The standard form of a complex number is quite straightforward: it should be expressed as \( a + bi \). Here, \( a \) is the real part, and \( b \) is the imaginary part, with \( i \) representing the imaginary unit defined as \( i^2 = -1 \).This form allows us to easily perform algebraic operations such as addition, subtraction, multiplication, and division with complex numbers, similar to real numbers.Take for instance the standard form of our previous example: \( \frac{-9\sqrt{2}}{8} + i\frac{9\sqrt{2}}{8} \). This form makes it easy to identify the real and imaginary components and manipulate them accordingly.Key points to remember:

• The real part \( a \) is independent of \( i \).
• The imaginary part \( b \) is multiplied by \( i \).

Recognizing these components in standard form can simplify various mathematical processes involving complex numbers.

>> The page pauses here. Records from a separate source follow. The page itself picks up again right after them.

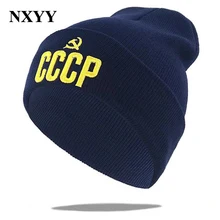 NXYY 3D вышивка трикотажные головные уборы для мужчин и женщин CCCP СССР советские значки серп молот России эмблема коммунизма бини зимние шапки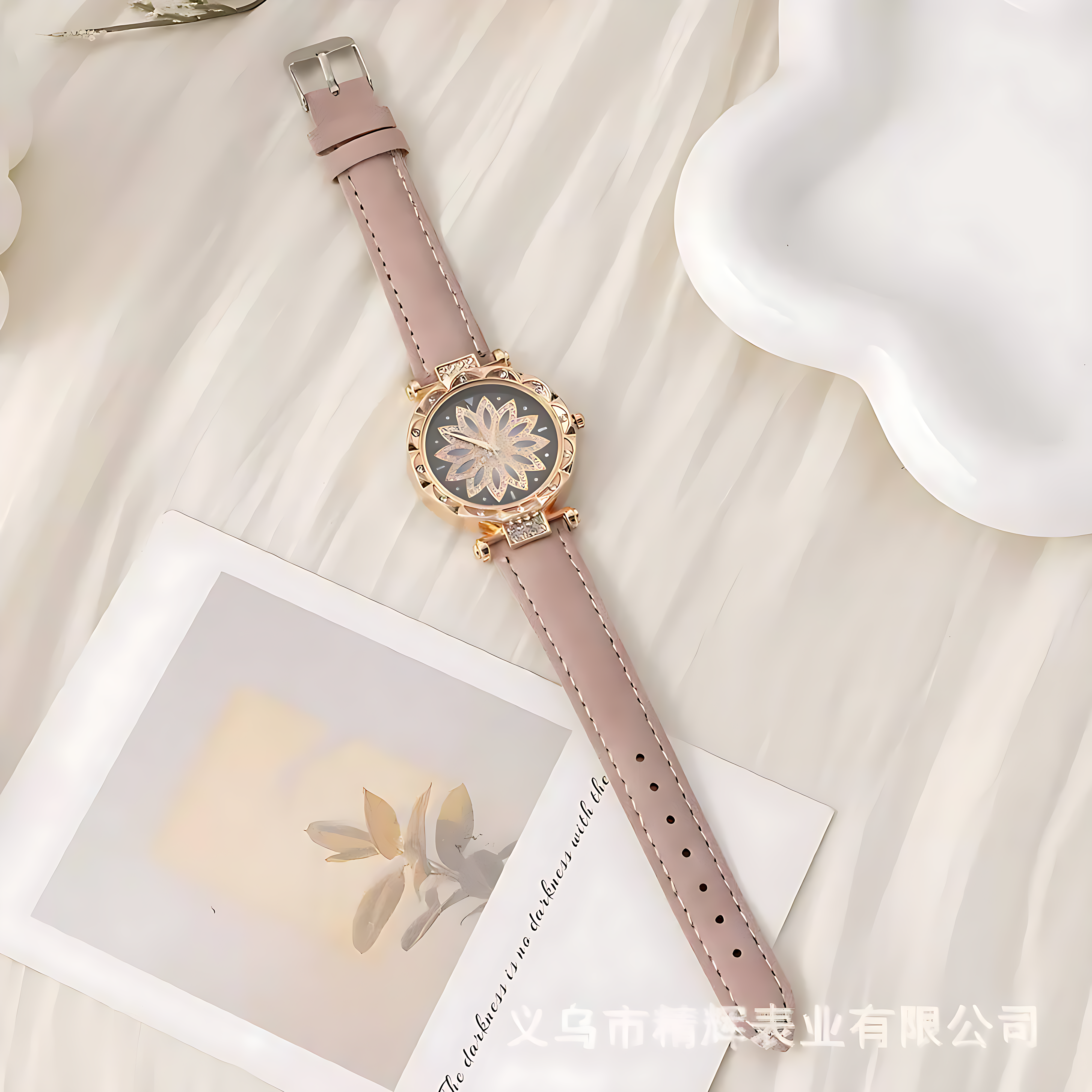 Women’s Rose-Gold Floral Crystal Dial Watch with Soft Pink Leather Strap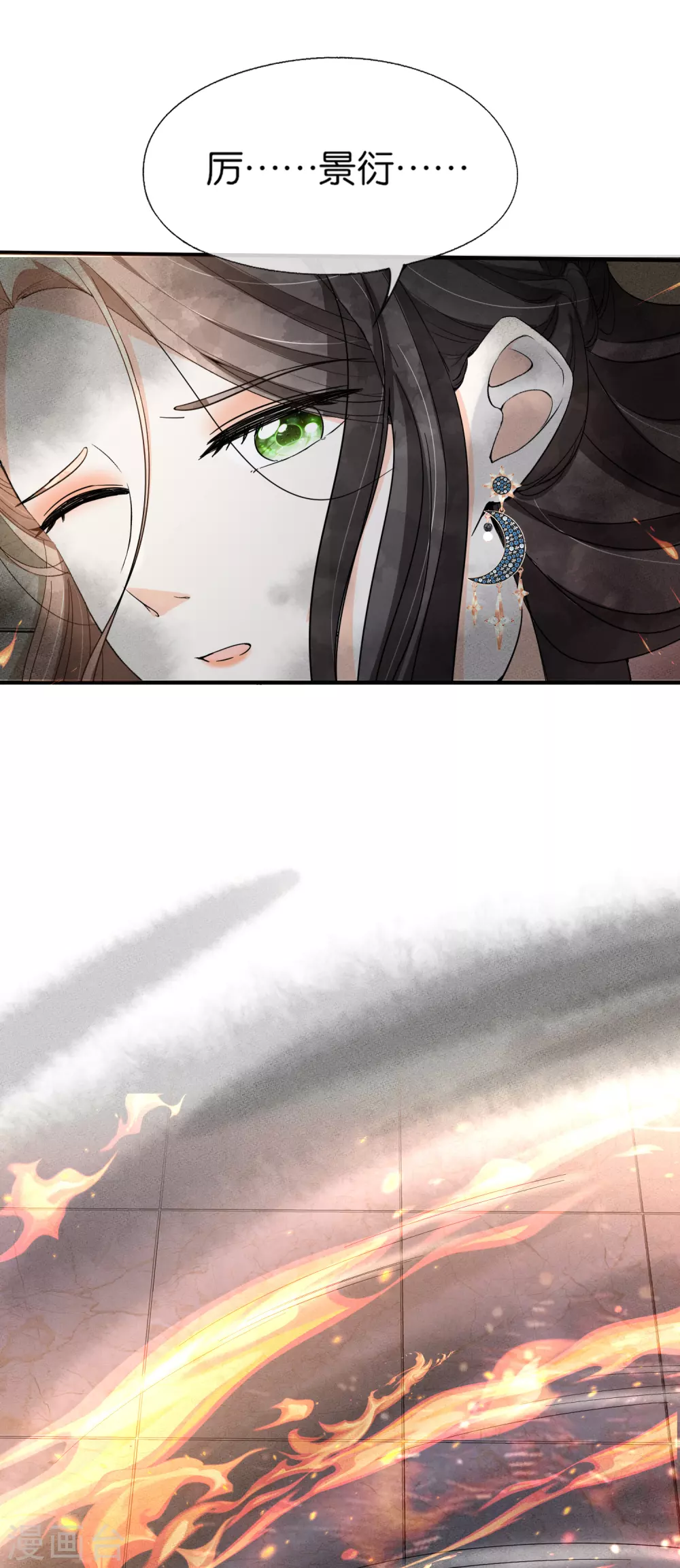 第136话 英雄救美和趁虚而入16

Complex numbers can also be represented graphically on a complex plane, which is similar to a coordinate plane. The horizontal axis (x-axis) corresponds to the real part of the complex number, and the vertical axis (y-axis) corresponds to the imaginary part.To plot a complex number, identify its standard form \( a + bi \) and locate the point \( (a, b) \) on the complex plane. For instance, for the complex number \( \frac{-9\sqrt{2}}{8} + i\frac{9\sqrt{2}}{8} \), you plot the point at \( \left( \frac{-9\sqrt{2}}{8}, \frac{9\sqrt{2}}{8} \right) \).Steps to graph:

• Plot the real part along the x-axis.
• Plot the imaginary part along the y-axis.
• Mark the intersection of these values on the plane as the location of the complex number.

Graphical representation provides a visual way to understand the magnitude and direction of complex numbers, making it easier to grasp concepts such as addition or subtraction geometrically. This is useful for intuitively understanding operations performed on complex numbers.